Data
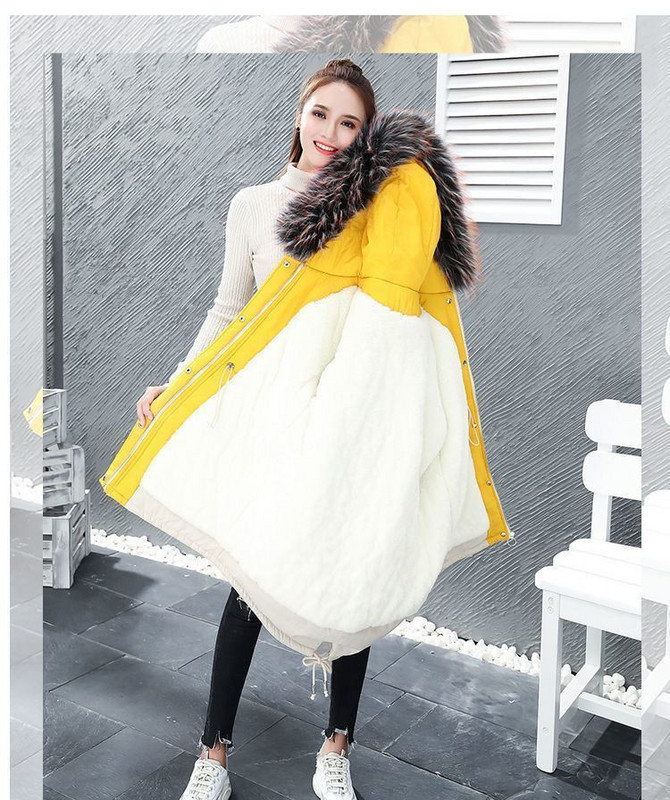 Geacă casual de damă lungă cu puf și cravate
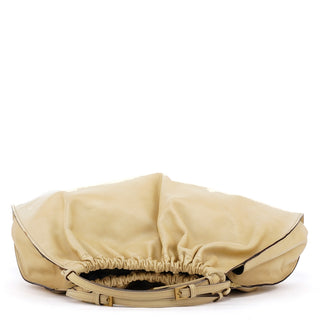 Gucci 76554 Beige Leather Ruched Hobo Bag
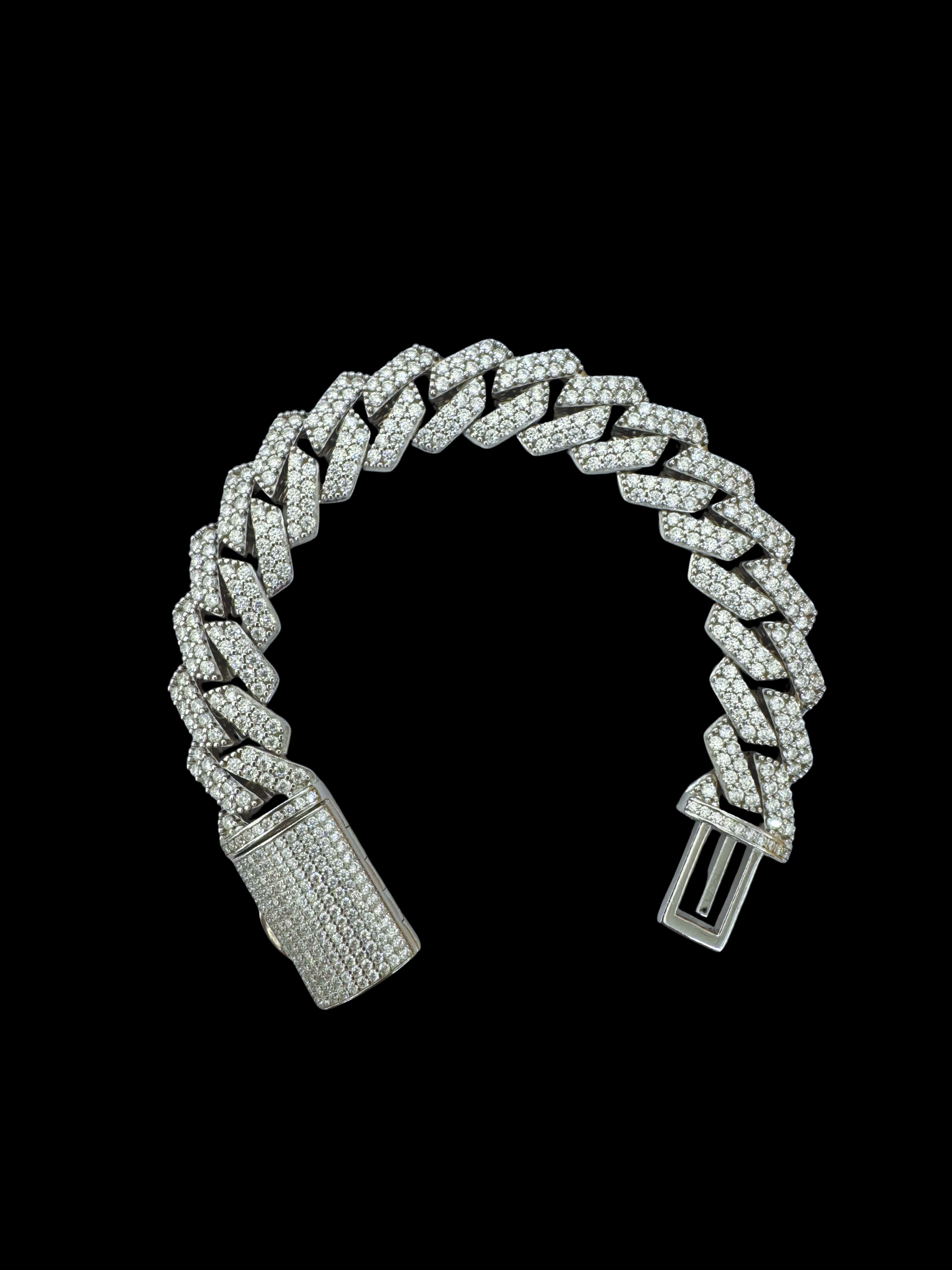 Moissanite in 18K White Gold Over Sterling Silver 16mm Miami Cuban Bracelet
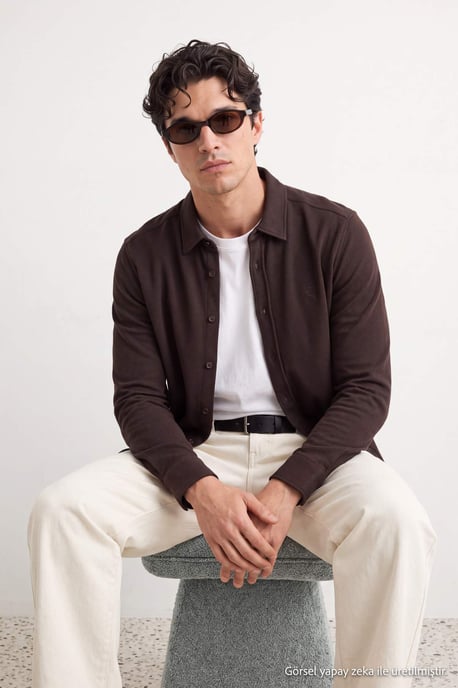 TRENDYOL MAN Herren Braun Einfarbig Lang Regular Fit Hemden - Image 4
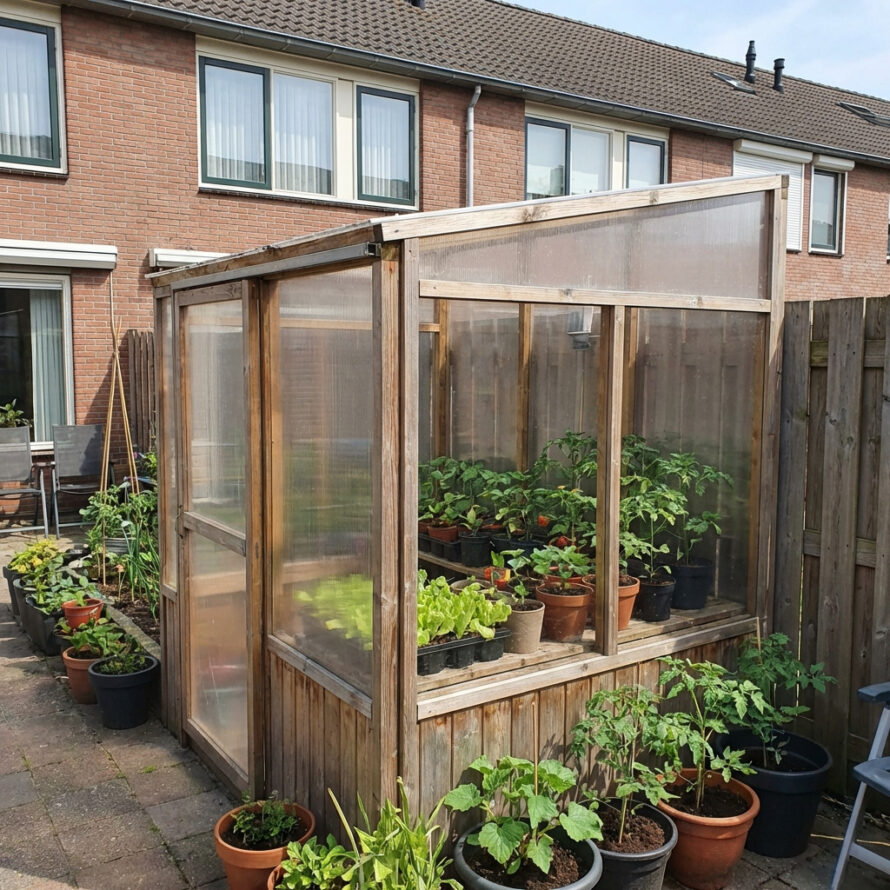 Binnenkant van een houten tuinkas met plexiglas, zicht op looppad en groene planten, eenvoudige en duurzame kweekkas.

Prompt
Set down each entry above word for word, without its pictures.

Solution for this task
 Geacă casual de damă lungă cu puf și cravate
 Gucci 76554 Beige Leather Ruched Hobo Bag
 Moissanite in 18K White Gold Over Sterling Silver 16mm Miami Cuban Bracelet
 TRENDYOL MAN Herren Braun Einfarbig Lang Regular Fit Hemden - Image 4
 Binnenkant van een houten tuinkas met plexiglas, zicht op looppad en groene planten, eenvoudige en duurzame kweekkas.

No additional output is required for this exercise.